Draw two parallel lines, and two others at right angles, so that they intersect with rotational symmetry and form nine squares.
Player 1 places a mark ~ a cross or a circle ~ in any one of the nine squares. That mark remains the identifier for player 1 for the rest of the game.
Player 2 places the alternative mark on any unoccupied square.
Player 1 places the appropriate mark on any unoccupied square.The game is won by the player who manages to complete a line ~ orthogonally or diagonally ~ of three similar marks. If all nine suqres are filled with no winning line then the game is an honourable draw. I leave it to the reader to discover ~ recall ~ or re-discover the various mini strategies that ensure victory, or avoid loss.

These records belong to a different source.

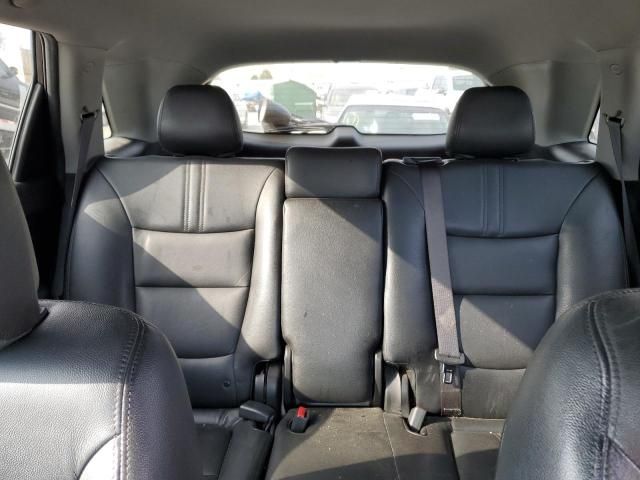 2012 KIA Sorento Base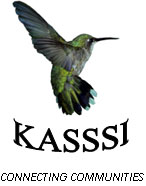 KASSSI charity logo
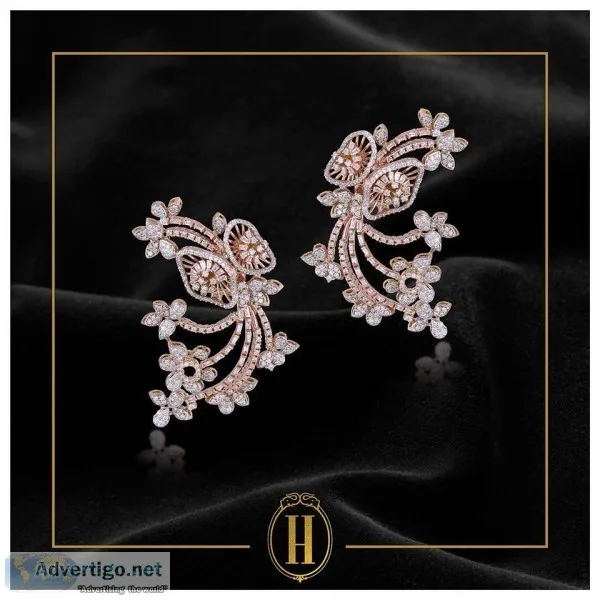 Buy The Best Wedding Jewellery At Hazoorilal Legacy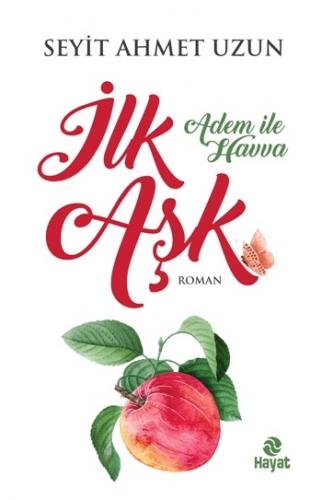 İlk Aşk - Adem ile Havva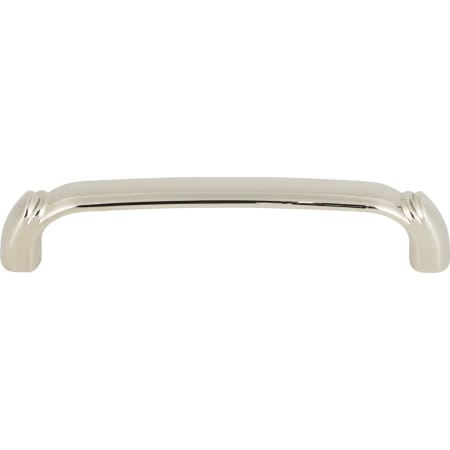 A large image of the Top Knobs TK1032 Polished Nickel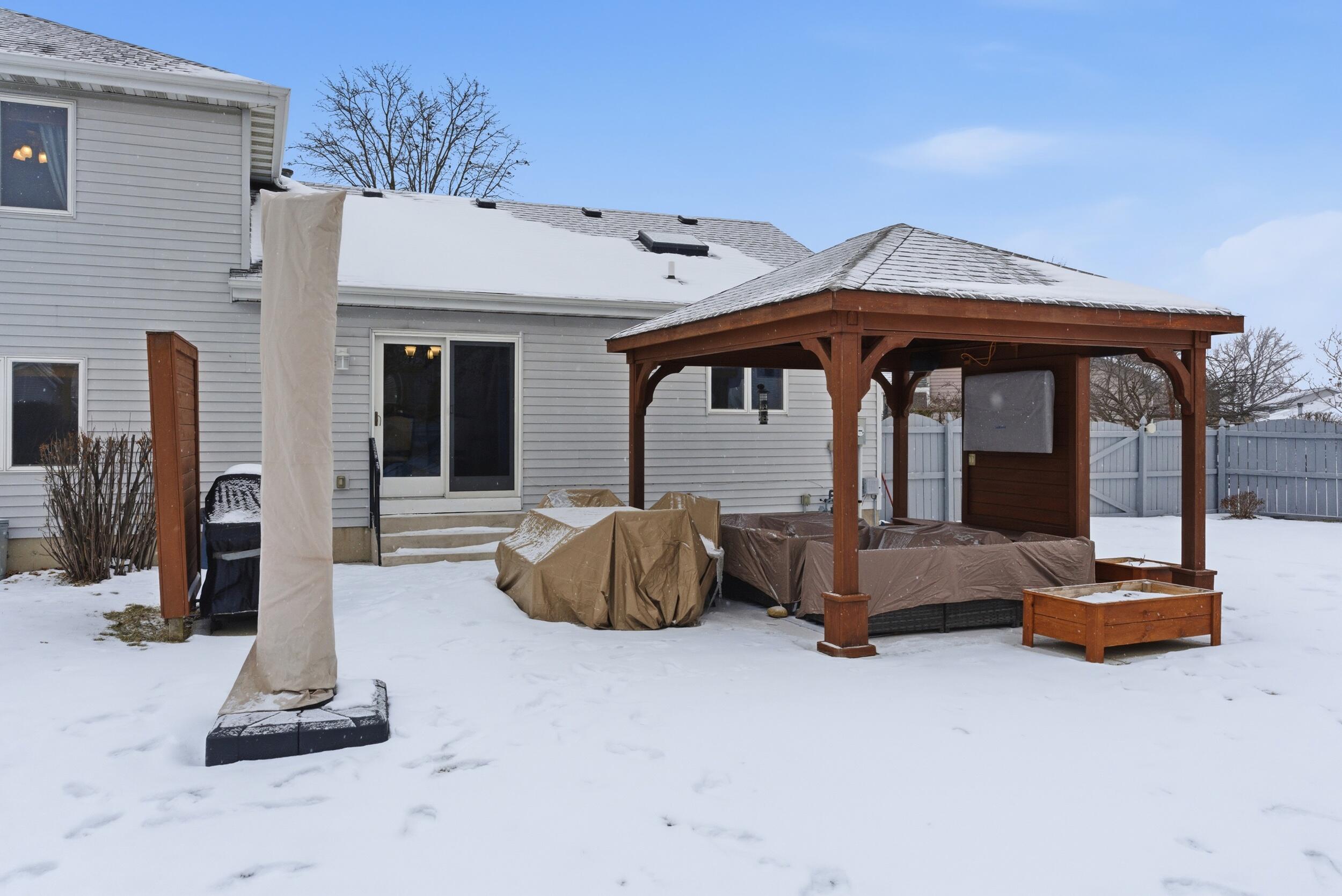 713 Robin Court Griffith, IN 46319 - Photo 25 of 34 2500x1669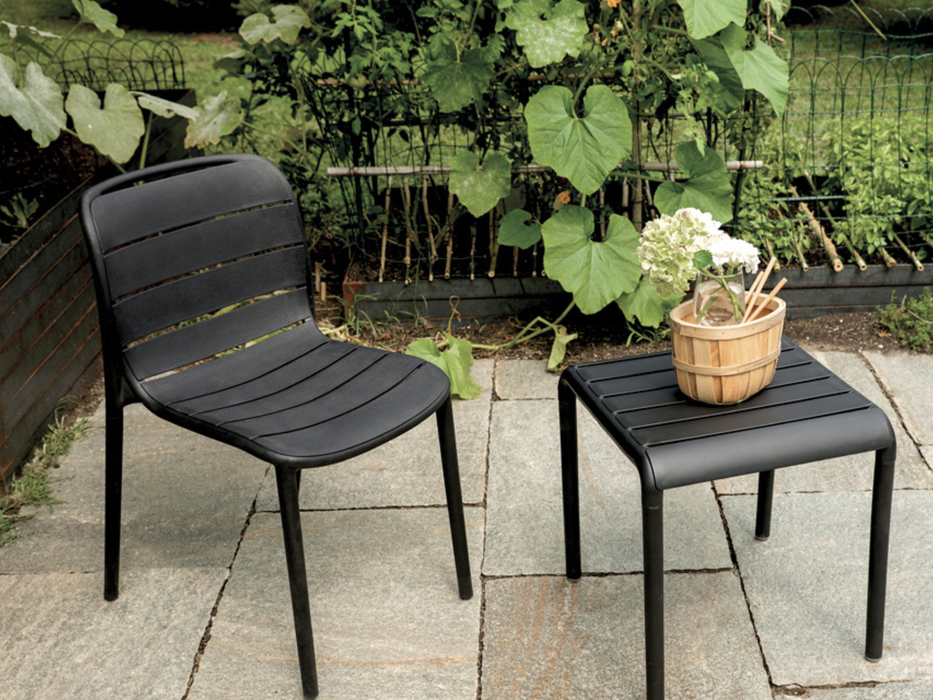 Pisa Greenwood Chair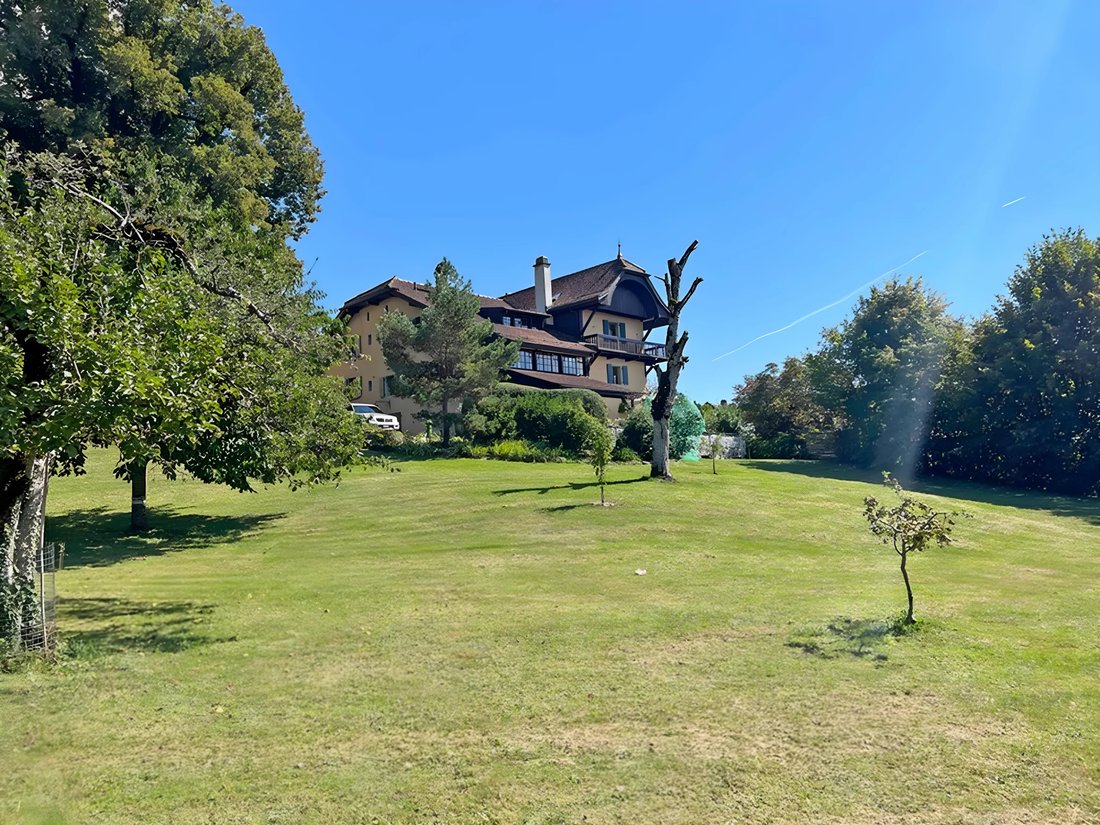Villa in Blonay - Saint-Légier, Vaud, Switzerland 5 - 16397047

If paper is in short supply then a suitable grid can be drawn ~ and re-used ~ by players placing small items as their 'moves' ~ coloured counters ~ dried beans and peas ~ nuts and washers.
When I was at teacher training college I combined maths and craft course work by making a board from a square of plywood and lollipop sticks. This could be used for playing noughts and crosses, and another variation ~ whose name I forget ~ whereby each player has three counters, once they are all played they take it in turns to pick and replace one of their counters. There are ~ I believe ~ numerous variations on n x m boards. Recreational mathematicians have a lifetime of work doing stuff around these. It is sufficient to mention the hitorical Japanese game Gomoku ~ played with as many counters needed to obtain five-in-a-row on a 19x19 board. This game is taken very seriously ~ on a par with chess ~ and there are World championships held annually. I will write some notes on it, sometime.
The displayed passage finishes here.